Acompanho o gesto de André Barata de apelo a uma “destimidez política” que ouse ir mais longe, pôr como imperativo a proteção do clima, a recusa da dominação, a criação de condições para uma vida em comum que não seja desgraçada para tanta gente. Não estamos nesse ponto. Talvez um dia lá cheguemos. Mas não será, porventura, descabido deixar esta nota no momento em que mais uma vez se imporá a “reflexão” no dia legalmente instituído para tal.

Há, aliás, qualquer coisa de paradoxal na própria noção de imposição de uma reflexão. Dir-se-ia que, para a maior das pessoas, engolidas pela sofreguidão do dia-a-dia, ‘parar para pensar’ é um luxo de que não dispõem. Mas será que ‘refletir’ é algo que se possa impor por lei? É até divertido pensar no que isso significará na prática neste sábado em que uma parte significativa do país se mobilizará para outra contenda, a futebolística.

Há, no entanto, outra dimensão na qual o apelo à reflexão sobre a política talvez possa fazer algum sentido no caso específico desta eleição. É que, como timidamente se foi dizendo aqui e ali, provavelmente o melhor enquadramento para o caso específico que acabou por provocá-las é ético. Ora, a ética também é a transformação de nós mesmos, e daquilo que queremos para nós e para os outros – o que não pode deixar de ter uma dimensão política. Reflita-se, pois.

O presente que se impõe

Acontece que se pensar seriamente a política implica ir mais longe que o dado e preparar o futuro, a ação política também é a resposta de fundo àquilo que se impõe. E aqui, a campanha deste ano trouxe algo de curioso. É que não há como não notar que ela pareceu ensimesmada. Raros foram os momentos em que os grandes desafios do cenário internacional concentraram as atenções do debate. Como se as opções políticas imediatas à disposição não viessem a estar fortemente condicionadas pelas tarifas de Trump, pela evolução da economia internacional ou pela situação na Ucrânia e em Gaza.

Mas, num país simultaneamente fortemente integrado na globalização e semiperiférico como o nosso, isso não é possível. Por conseguinte, e independentemente do resultado de domingo, o governo que vier não poderá deixar de lidar com estas questões e tomar opções de fundo.

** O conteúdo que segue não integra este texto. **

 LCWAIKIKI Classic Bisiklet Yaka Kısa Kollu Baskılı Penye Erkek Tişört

Primeiro, a economia. Passou quase desapercebida a contração de 0,5% da economia portuguesa no primeiro trimestre de 2025 face ao último trimestre de 2024, e que, embora contrastando com o comportamento da economia da zona euro e da UE no mesmo período, se torna um sinal mais significativo se tivermos em conta que, como relembrou António Mendonça nas páginas deste jornal, podemos estar a caminho de uma nova recessão global. No caso de Portugal, fortemente dependente da galinha dos ovos de ouro do turismo, isso leva-nos a pensar que de facto será preciso tomar rapidamente tomar decisões sobre em que setores da economia apostar para escapar a essa dependência – a minha intuição é sempre apontar para a importância da aposta no conhecimento (política científica incluída) mas isso, já se sabe, não costuma passar de uma quimera.

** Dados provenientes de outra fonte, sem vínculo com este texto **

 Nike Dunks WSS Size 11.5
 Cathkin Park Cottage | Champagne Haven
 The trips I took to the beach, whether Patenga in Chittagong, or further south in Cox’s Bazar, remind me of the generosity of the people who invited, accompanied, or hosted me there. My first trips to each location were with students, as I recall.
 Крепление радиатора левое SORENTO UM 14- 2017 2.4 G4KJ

Segundo, a defesa e o posicionamento face à Ucrânia e a Gaza. É significativo que a primeira prioridade do novo Papa Leão XIV seja a paz e que tenha oferecido a mediação do Vaticano no esforço para “silenciar as armas”. Contudo, as negociações de paz entre a Ucrânia e a Rússia parecem continuar num impasse e a EU continua apostada no rearmamento. Ainda está para ver que consequências terá o desvio de financiamento para a indústria armamentista. O governo que sair das eleições de Domingo terá de ser muito claro a este respeito, já que a campanha não o foi.

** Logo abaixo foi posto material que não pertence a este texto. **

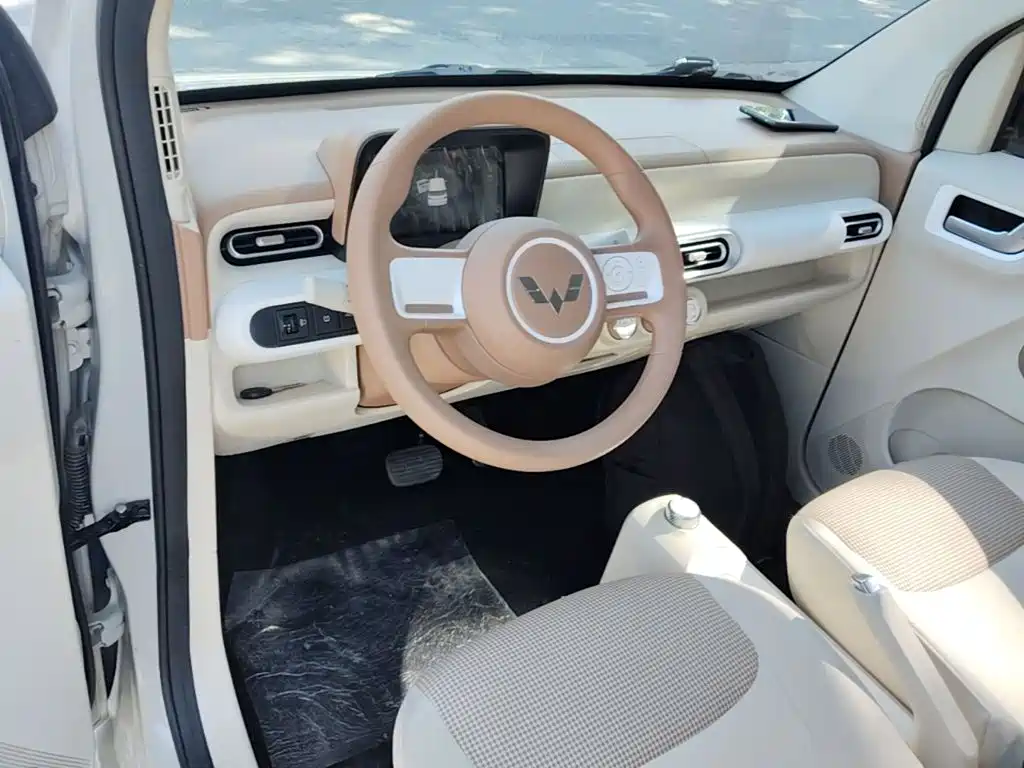 Wuling MINIEV — миниатюра 10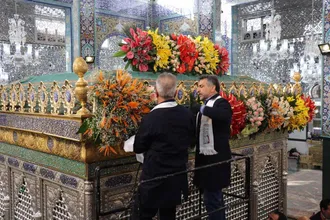 به مناسبت فرارسیدن میلاد باسعادت حضرت زینب سلام الله علیها، حرم آن حضرت با بیش از سی هزار گل اهدایی از سوی بانیان ایرانی، گل&lrm;آرایی شد.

Finalmente, e na sequência da questão anterior, o direito internacional humanitário. Enquanto se preparam as eleições em Portugal, Netanyahu ameaça que o exército israelita entrará em Gaza “com toda a força”. Num momento em que já não entra ajuda humanitária há mais de dois meses, a própria ONU afirma cada vez com maior veemência o risco de genocídio e pede ações concretas para garantir o respeito pelo direito humanitário internacional. Nada menos é exigível ao novo governo, seja lá ele quem for.